1693581513 Phoenix pay system 43 million hours of paid leave as

Phoenix pay system: 4.3 million hours of paid leave as compensation | Phoenix: a failing payment system

According to CBC, the federal government offered 4.3 million hours of paid leave to its civil servants struggling with disruptions to the Phoenix pay system.

Under a joint agreement reached in 2019 between the Treasury Board of Canada Secretariat (TBS) and various public sector unions, workers were granted up to five days of paid leave as compensation.

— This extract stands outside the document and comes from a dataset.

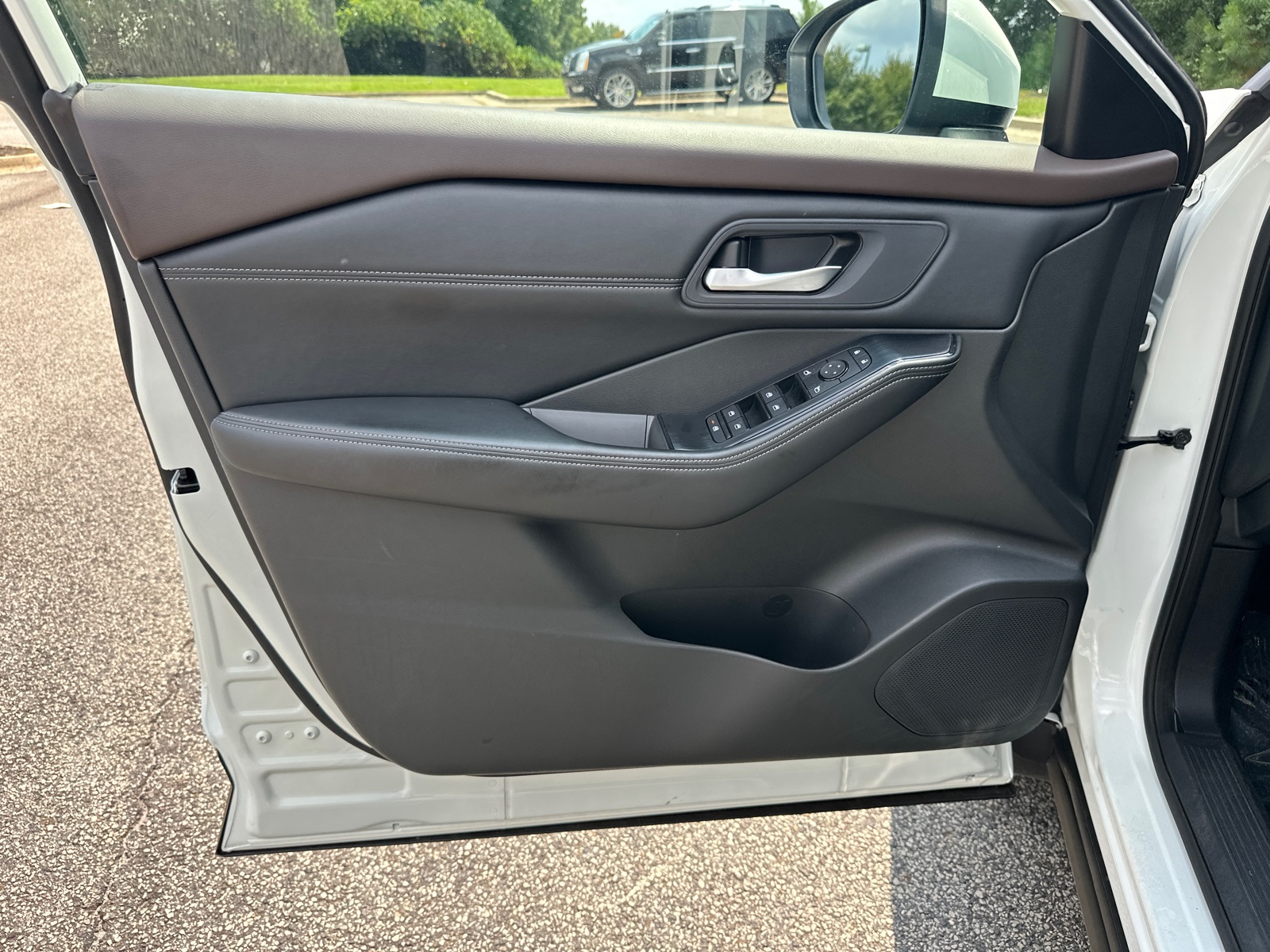 2023 Nissan Rogue SV photo 10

Employees who no longer worked for the state received the equivalent in cash. More than 179,000 days off were granted under this agreement.

For the years 2016 and 2017, employees were generally entitled to two days off, between 2017 and 2020 to one day off.

Holiday days have been added to annual leave for officials who have requested it. In order to benefit from these benefits, the employee had to have worked at least one day of the year for which he applied.

The most hours were allocated to the Canada Revenue Agency (CRA), the Correctional Service of Canada (CSC), the Department of Public Services and Procurement (PSPC) and the Department of National Defense (DND).

TBS stopped counting compensation hours on June 8, 2022 as more than 99% of applications were received.

A failing system

The outages of Phoenix’s payroll system have made headlines more than once. Thousands of federal employees went unpaid for extended periods, while others received less or more pay than agreed.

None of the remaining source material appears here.